Listed entries:
####
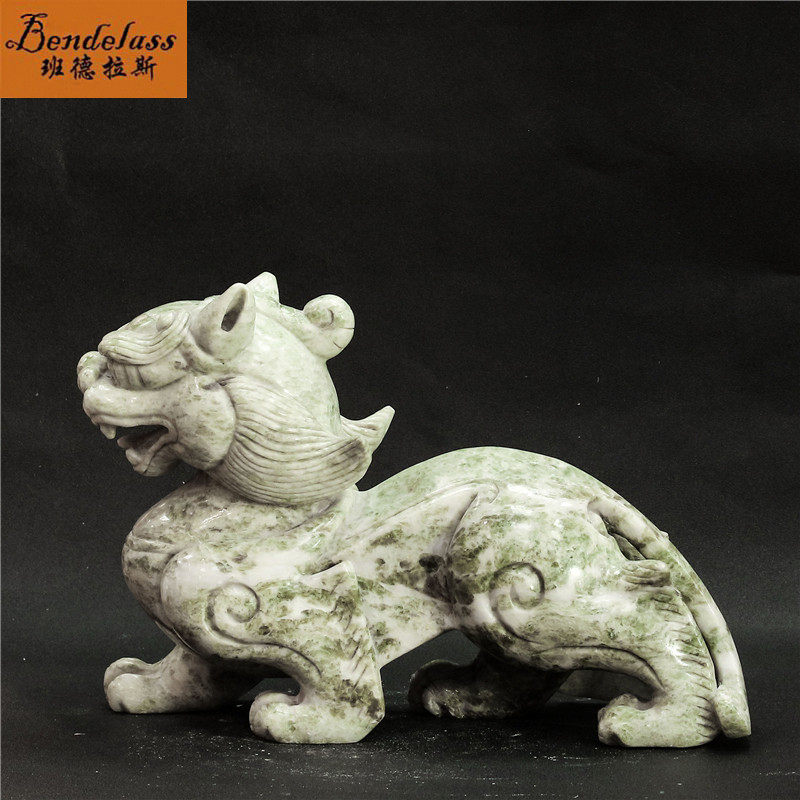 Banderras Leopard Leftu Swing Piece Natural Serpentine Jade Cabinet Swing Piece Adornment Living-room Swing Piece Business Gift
####
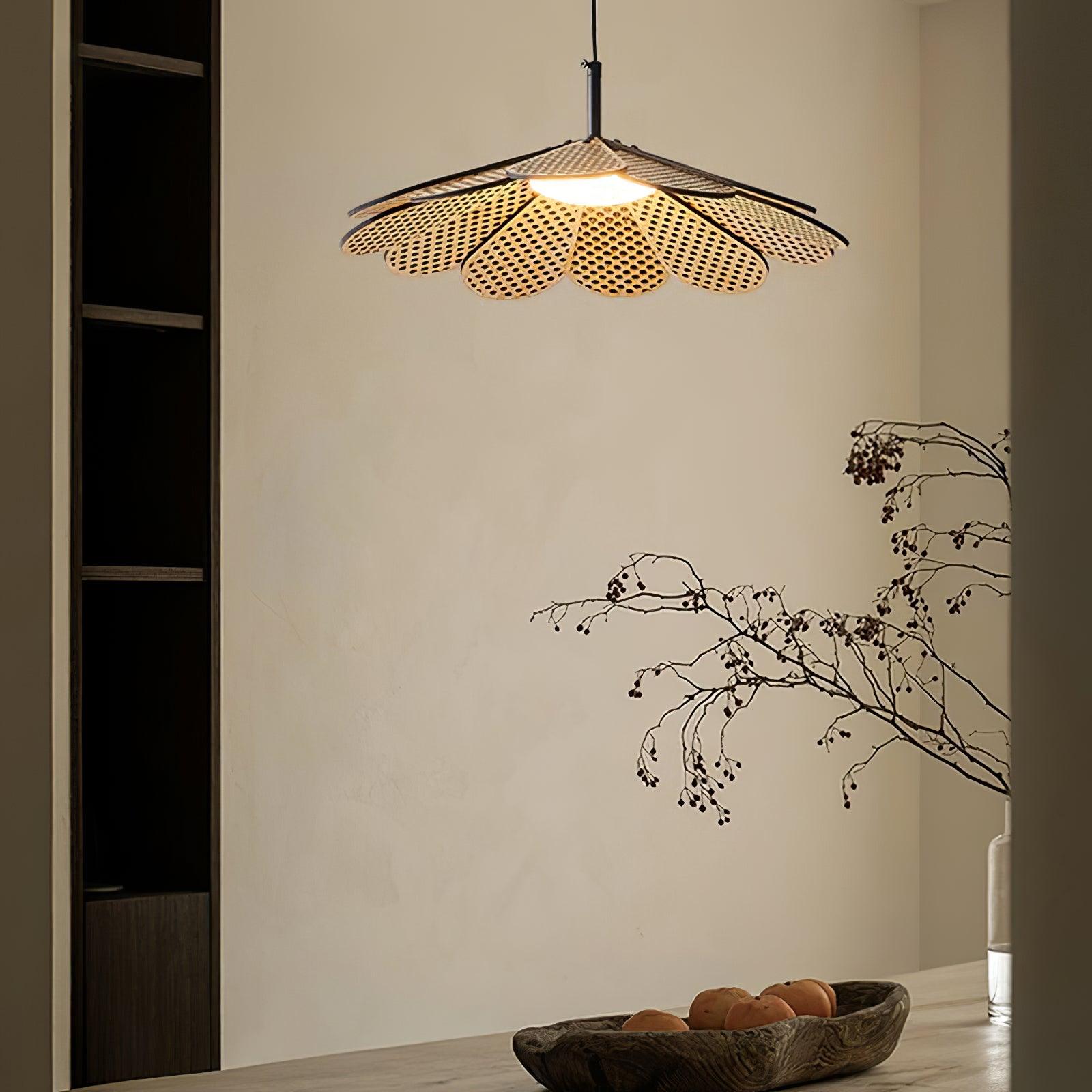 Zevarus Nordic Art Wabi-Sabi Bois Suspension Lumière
####
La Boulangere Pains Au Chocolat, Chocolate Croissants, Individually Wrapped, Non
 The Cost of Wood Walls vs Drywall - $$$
####
Problem requirements: Send back an exact copy of only the lines from the line with "La Boulangere Pains" up to and including the line with "The Cost of Wood Walls vs Drywall - $$$" in the data above.

Written response:
La Boulangere Pains Au Chocolat, Chocolate Croissants, Individually Wrapped, Non
 The Cost of Wood Walls vs Drywall - $$$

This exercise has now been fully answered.